Kohima, Oct. 31: With the eight-year talks between the Centre and the NSCN (I-M) moving at a snail’s pace, the Naga outfit has launched an exercise to take its “two nation” theory to the people.
The exercise began even as Prime Minister Manmohan Singh proposed to hear out views about integration of Naga-inhabited areas from the Meiteis and Nagas in New Delhi next month.
The NSCN (I-M) leaders have been propagating the theory that India and Nagalim are “two nations,” though inseparable, but this is the first time the outfit is reaching out to the Naga people for their support on the issue.

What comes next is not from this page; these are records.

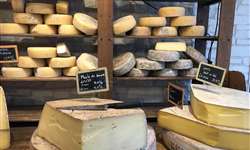 Europa: consumo e produção de queijo é destaque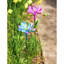 Piquet de jardin 39 po Beaslie-831569189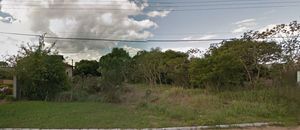 Image 3 - 265882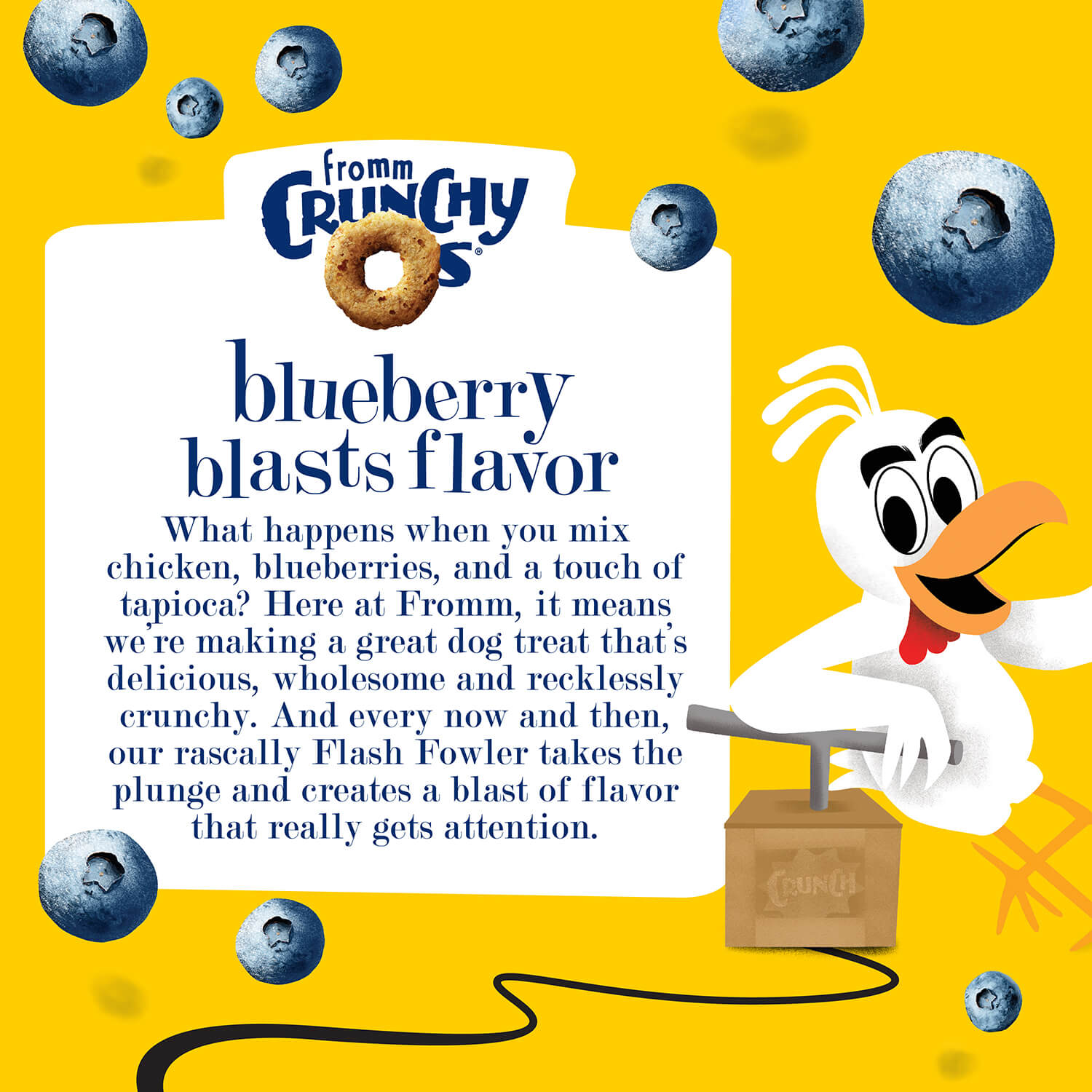 Fromm Crunchy O's Blueberry Blast Dog Treat are a combination of chicken, Blueberries and tapioca making a great dog treat that's delicious, wholesome and recklessly crunchy.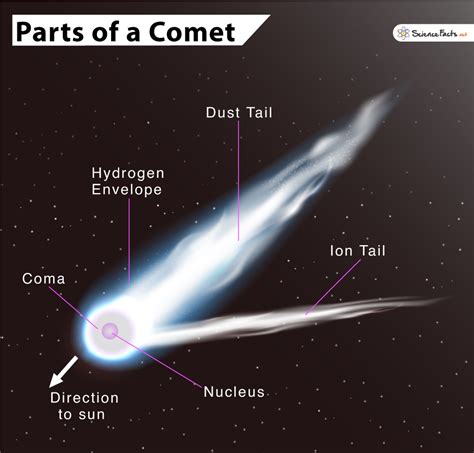 Candy Comet's Height: All the Details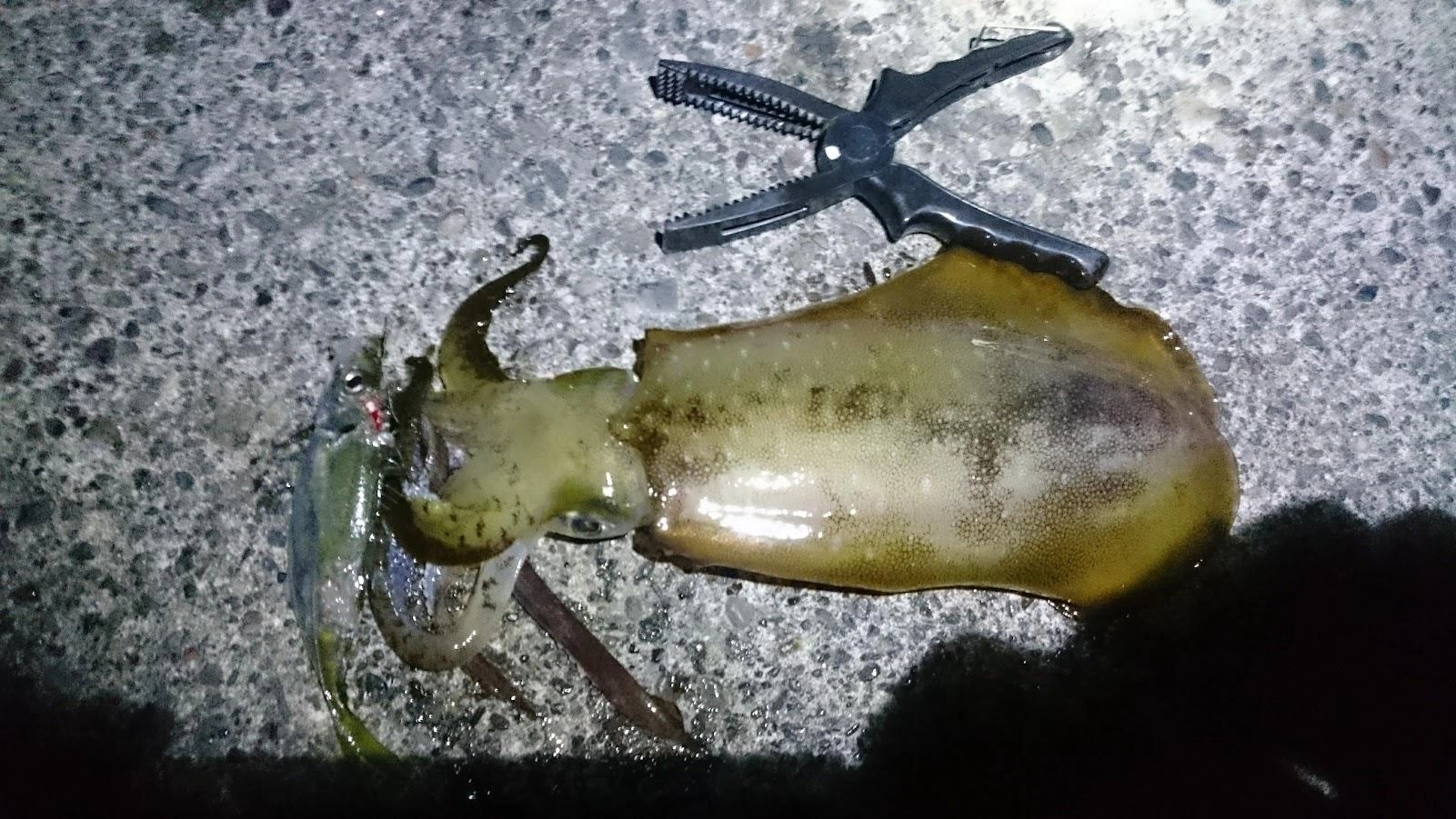 1回目は常連さんに頂いた鯵の泳がせで25㎝と食べごろサイズでした。
2回目はタカベでヒットしましたが、だいぶ走られ合わせるも掛かりませんでした。お腹が齧られていたので背びれのロデオ針ではダメでした。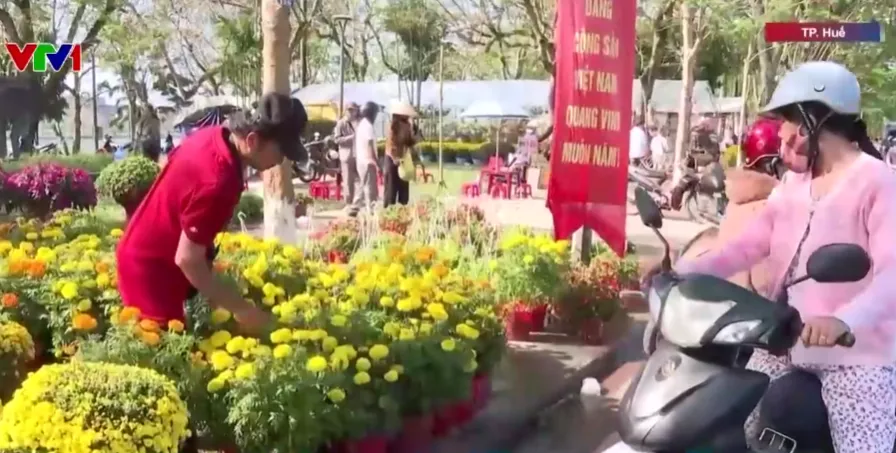 RỘN R&Agrave;NG NG&Agrave;Y CUỐI NĂM TẠI CỐ Đ&Ocirc; HUẾ - Ảnh 1.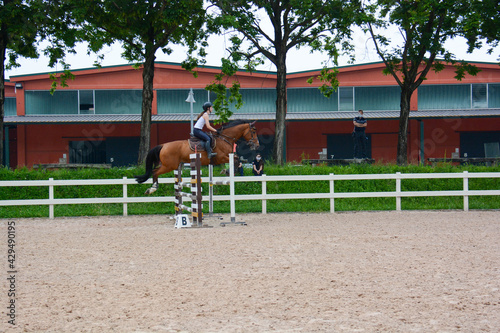 show jumping lessons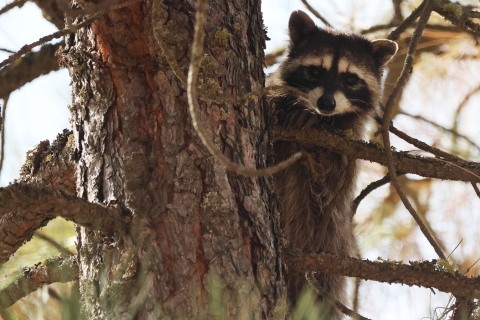 A young raccoon peering out from a perch in a pine tree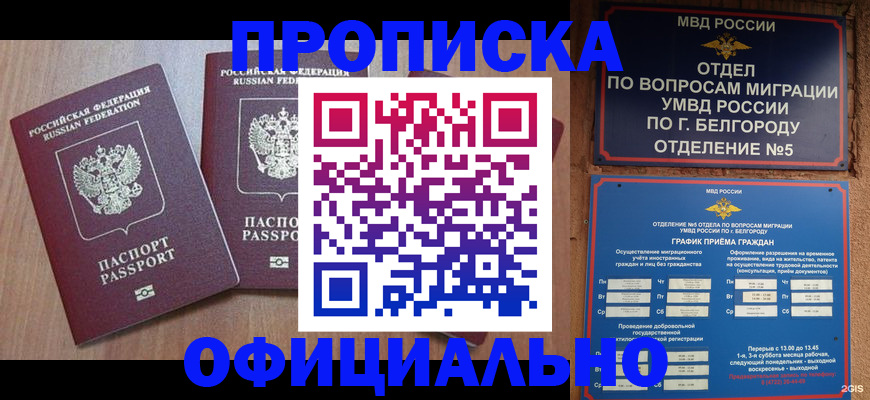 найти адрес прописки в Киселёвске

The first public meeting was held in Kohima on Saturday where the outfit’s deputy kilo kilonser (home minister) V. Horam made a case for the theory.
The audience comprised village elders and village council chairmen from the Northern Angami area, which, significantly, is a stronghold of the Federal Government of Nagaland or the Naga National Council (Adinno). Taking a dig at the rival rebel group, Horam alleged that the rights of the Nagas were lost because the NNC signed the Shillong Accord in November, 1975.
Horam said the solution to the Naga problem could lie in the creation of two nations but with strong mutual bonds. “Some will think why not sever ties totally, but having a relation with India is good for us,” he said in Nagamese. “It is a time for the Nagas to take a decision,” he added.
It was on October 9 in Bangkok that the Delhi and the NSCN faction had first spoken of a federal relationship in detail.
Horam, the main speaker at the meeting in Kohima village panchayat hall, explained to the elders at length the current status of the peace talks. The rebel leader claimed that it had been agreed that “Indians and Nagas” were different entities and that a solution has to be “out of the box that is the Indian Constitution”.
Some of the major questions in the public mind here, and hitherto discussed behind closed doors during talks, were discussed openly for the first time since the consultative meeting at the outfit’s Hebron camp last December.
On the issue of currency, Horam said that Nagas could have their own currency but it would be prudent to use a common currency as India has the requisite gold reserves.
“Look at Myanmar where people have to pay 10,000 kyats to buy a shirt or a pair of trousers,” he said.